Tatsächlich fällt ein direktes Licht vom 20. Juli vor 78 Jahren auf den Krieg in der Ukraine. Europa sähe anders aus, wäre Hitler in der Wolfsschanze getötet und das Naziregime gestürzt worden. Die Attentäter wollten das Recht wieder herstellen. Stattdessen konnte Stalin siegen und Russland seine Hegemonie in Osteuropa halten. Heute bedroht sein Apologet Putin die baltischen Staaten und die auf dem Balkan, hält Weißrussland unter seinem Diktat und versucht mit einem brutalen Krieg gegen die Zivilbevölkerung die Ukraine von der Landkarte zu fegen. Mit eindrucksvollen Reden wurde jetzt an der Hinrichtungsstelle der Widerständler gegen Hitler in Berlin-Plötzensee die Wirkung des 20. Juli für heute besprochen. Es wurden der Mut und die Zivilcourage gewürdigt, die nicht nur die Attentäter, sondern viele hundert Menschen einst dazu bewegt hatten, im Großen wie im Kleinen, der unmenschlichen Nazidiktatur zu widerstehen; als Beispiele für heute.

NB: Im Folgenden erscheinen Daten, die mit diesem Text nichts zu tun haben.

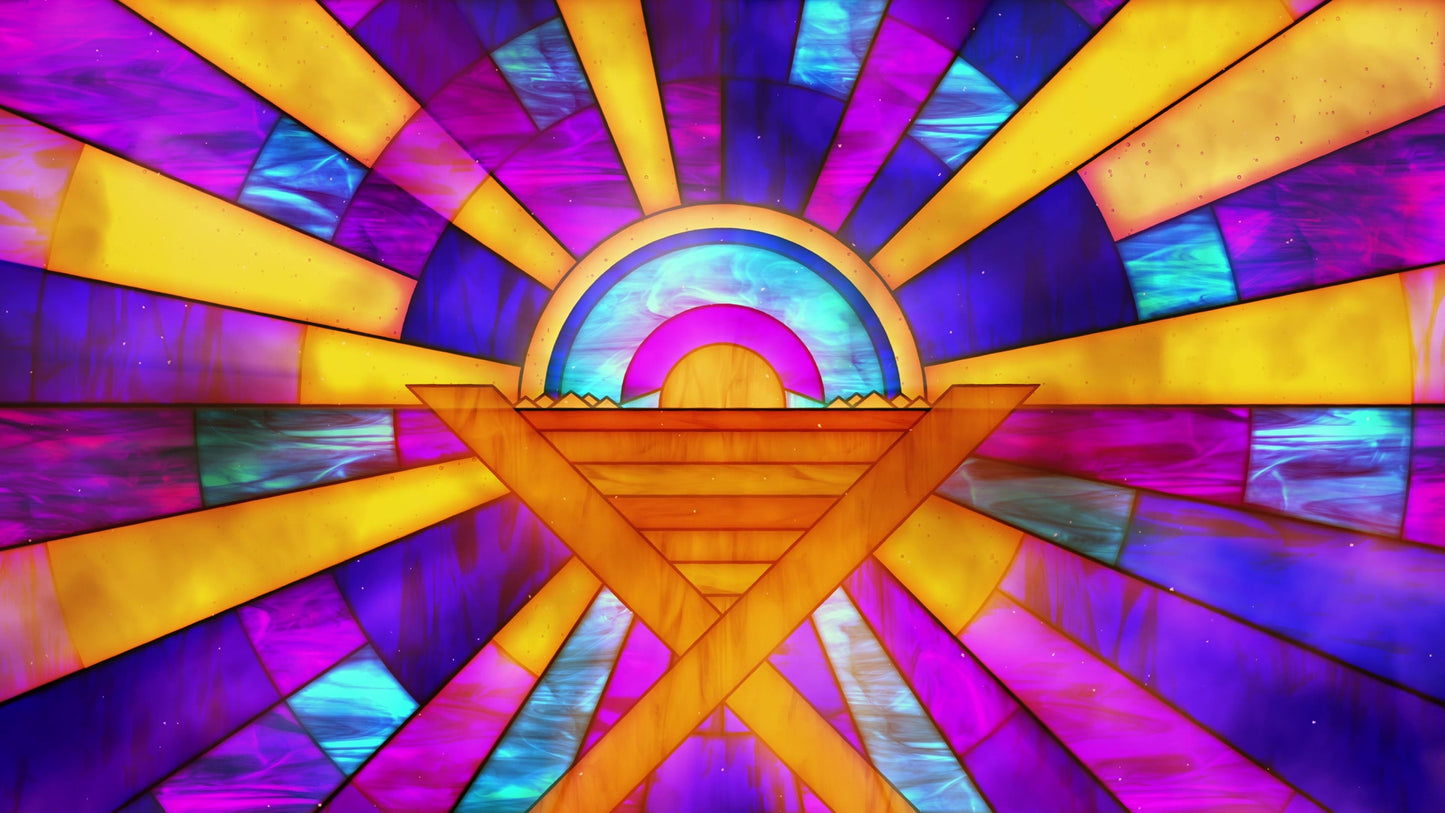 Stained Glass Christmas Manger Still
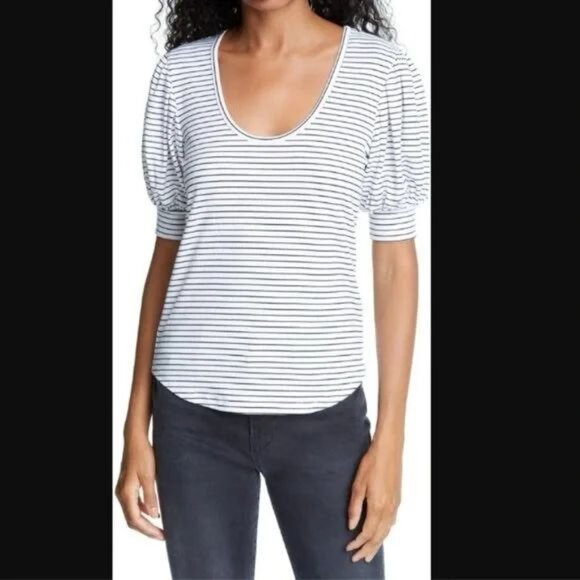 FRAME Puff Sleeve Navy & White Striped Scoop Neck Jersey Top Size XL - Picture 1 of 8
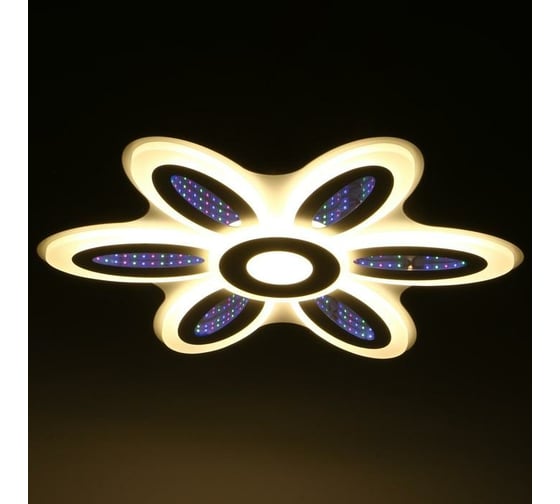 Люстра BayerLux с ПДУ 69670/6+1WT LED 124Вт диммер 3000-6000K белый 52х52 см 5130692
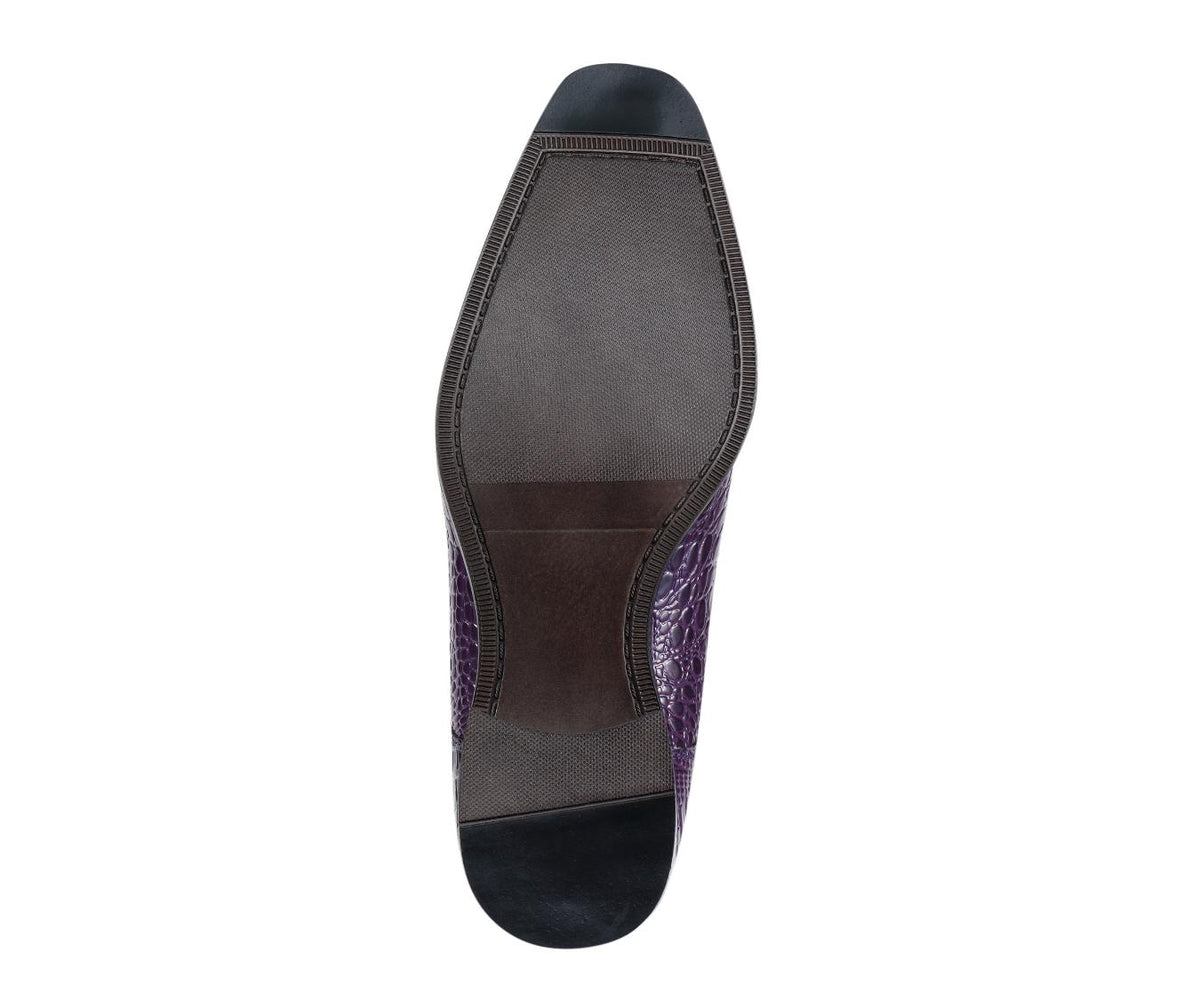 Amali Harvey Croc Embossed Men's Deep Purple Animal Print Leather Exotic Oxford Shoes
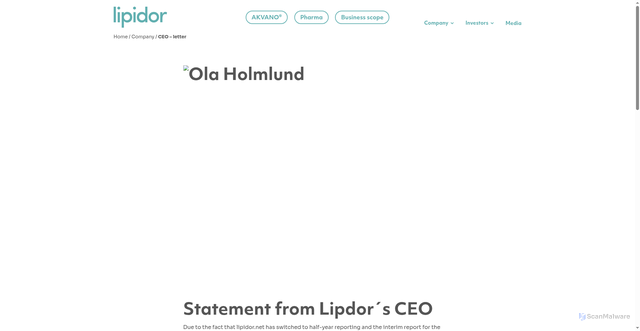 Security scan screenshot of https://lipidor.net/company/ceo-letter/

Das Wirken dieses Widerstands gegen jene Diktatur sollte heute die Politik und Gesellschaft auch daran erinnern, dass jeder Freiheitskampf seinen Preis hat. In Osteuropa kann er das Leben kosten. An jedem Tag sterben mehr als einhundert Ukrainer im blutigen Kampf, als Soldaten oder als Zivilisten. Viele tausend sitzen in Russland und Weißrussland als Kritiker der russischen „Spezialoperation“ in der Ukraine in Haft. Mit diesen Menschen sollten wir solidarisch sein, auch wenn dieser Freiheitskampf dort auch uns hier etwas kosten wird: wenn auch vielleicht nur (!) eine kältere Wohnung im kommenden Winter.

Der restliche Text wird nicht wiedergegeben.